Effect of a nurse team coordinator on outcomes for hospitalized medicine patients.

Category Primary study
JournalThe American journal of medicine
Year 2005
PURPOSE: Several randomized trials have found that discharge planning improves outcomes for hospitalized patients. We do not know if adding a clinical nurse specialist (CNS) to physician teams in hospitals that already have discharge planning services makes a difference.
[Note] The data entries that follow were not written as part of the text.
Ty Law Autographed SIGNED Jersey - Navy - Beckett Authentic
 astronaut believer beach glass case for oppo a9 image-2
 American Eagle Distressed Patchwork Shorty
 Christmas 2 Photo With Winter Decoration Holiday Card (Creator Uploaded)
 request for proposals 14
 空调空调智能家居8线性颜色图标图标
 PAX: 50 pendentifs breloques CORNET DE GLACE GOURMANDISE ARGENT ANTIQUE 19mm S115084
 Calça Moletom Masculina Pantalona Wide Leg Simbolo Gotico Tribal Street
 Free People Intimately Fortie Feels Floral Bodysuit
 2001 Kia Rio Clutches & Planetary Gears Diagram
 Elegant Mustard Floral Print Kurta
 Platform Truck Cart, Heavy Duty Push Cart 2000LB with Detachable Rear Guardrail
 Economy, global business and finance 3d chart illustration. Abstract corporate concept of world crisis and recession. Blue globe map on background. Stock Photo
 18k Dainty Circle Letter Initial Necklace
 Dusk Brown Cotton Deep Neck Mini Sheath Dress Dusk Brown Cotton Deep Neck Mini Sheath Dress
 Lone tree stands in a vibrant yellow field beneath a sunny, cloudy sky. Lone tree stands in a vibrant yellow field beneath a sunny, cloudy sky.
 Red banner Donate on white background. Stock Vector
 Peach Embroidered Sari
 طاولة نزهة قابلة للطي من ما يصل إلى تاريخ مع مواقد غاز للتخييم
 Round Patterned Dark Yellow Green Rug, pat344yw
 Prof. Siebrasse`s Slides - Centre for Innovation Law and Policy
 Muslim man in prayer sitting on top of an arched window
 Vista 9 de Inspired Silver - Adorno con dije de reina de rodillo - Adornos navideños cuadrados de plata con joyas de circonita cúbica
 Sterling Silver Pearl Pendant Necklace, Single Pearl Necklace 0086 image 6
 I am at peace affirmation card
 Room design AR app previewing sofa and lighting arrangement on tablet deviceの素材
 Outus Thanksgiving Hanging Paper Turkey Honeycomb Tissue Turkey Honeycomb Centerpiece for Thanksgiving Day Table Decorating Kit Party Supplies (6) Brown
METHODS: In 2 teaching hospitals, patients were randomly assigned to regular hospital care or care with a clinical nurse specialist. The clinical nurse specialist facilitated hospital care by retrieving preadmission information, arranging in-hospital consultations and investigations, organizing postdischarge follow-up visits, and checking up on patients postdischarge with a telephone call. In-hospital outcomes included mortality and length of stay. Postdischarge outcomes included time to readmission or death, patient satisfaction, and the risk of adverse event. Adverse events were poor outcomes due to medical care rather than the natural history of disease. RESULTS: A total of 620 sequential patients were randomized (CNS n = 307, control n = 313), of which 361 were followed after discharge from hospital (CNS n = 175, control n = 186). The groups were similar for the probability of in-hospital death (CNS 9.3% vs control 9.7%) or being discharged to the community (58.0% vs 60.0%). The groups did not differ for postdischarge outcomes including readmission or death (21.6% vs 15.6%; P = 0.16) or risk of adverse event (23.6% vs 22.8%). Mean [SD] patient ratings of overall quality of care on a scale of 10 was higher in the clinical nurse specialist group (8.2 [2.2] vs 7.6 [2.4]; P = 0.052). CONCLUSION: The addition of a clinical nurse specialist to a medical team improved patient satisfaction but did not impact hospital efficiency or patient safety.